The United States has climbed in the rankings of the world's most energy secure countries, according to a ranking compiled by the U.S. Chamber of Commerce Institute for 21st Century Energy.
In the new edition of the institute's "International Index of Energy Security Risk," Norway takes the top spot, while the United States ranks sixth and Ukraine receives the lowest scores among the top 25 energy users ranked on 29 metrics covering the years 1980-2012.
"The United States showed improvement in our rankings as a result of greater energy self reliance propelled by increased unconventional oil and gas output," said institute CEO Karen Harbert. "Combined with growing energy production from Canada and a reformed hydrocarbon sector in Mexico, it's possible we'll soon see the world's energy center of gravity shifting away from the Middle East and towards North America, bringing with it even greater economic and geopolitical advantages."
This year's index is the latest in the institute's series that provides a qualitative analysis of energy security. The institute also produces the "Index of U.S. Energy Security Risk," which in 2013 also showed improvement for the United States as a result of unconventional oil and gas production.

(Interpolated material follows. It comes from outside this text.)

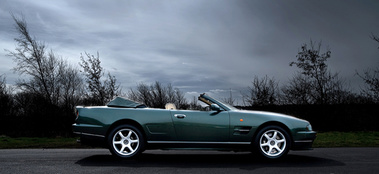 Aston Martin V8 Volante 2000 BRG profil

Norway's first place finish is driven by a strong natural resource base, which makes it a net exporter of fossil fuels. Norway is one of the world's largest natural gas exporters and also exports oil and coal. Rounding out the top five are Mexico, New Zealand, United Kingdom and Canada.
At the other end of the spectrum, Ukraine has consistently ranked last among the top 25 energy users. Ukraine must import virtually all forms of energy and is especially reliant on Russia for natural gas. Its economy is also very energy inefficient, the institute said. While the rankings do not reflect the latest unrest in Ukraine, concerns about supply disruption contributed to its low ranking.

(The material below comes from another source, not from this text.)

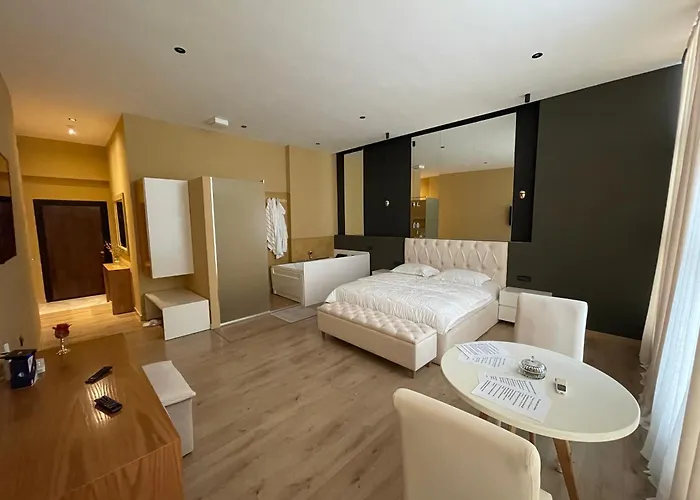 Luxury Jacuzzi Suite- Astir,tirana טיראנה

"The 2013 International Index notes that Ukraine has realized its energy vulnerability and has been taking steps to become more self-reliant by investing in expanded oil and gas exploration and production, diversifying supply sources, and privatizing its coal-mining sector," said Steve Eule, institute vice president. "Unfortunately, these investments are still years away from producing results, which leaves Ukraine especially vulnerable during a crisis."
In 2013, the United States ranked sixth, up one spot from last year. While all nations in the index saw a decrease in risk from much lower price volatility in 2012, the United States benefited from an 835,000 b/d increase in production, most of which was from unconventional sources of energy. Electricity source diversity is also a relative strength for the United States. Affordable energy is another key U.S. advantage, especially in comparison to countries in Western Europe, which have some of the highest energy prices in the world.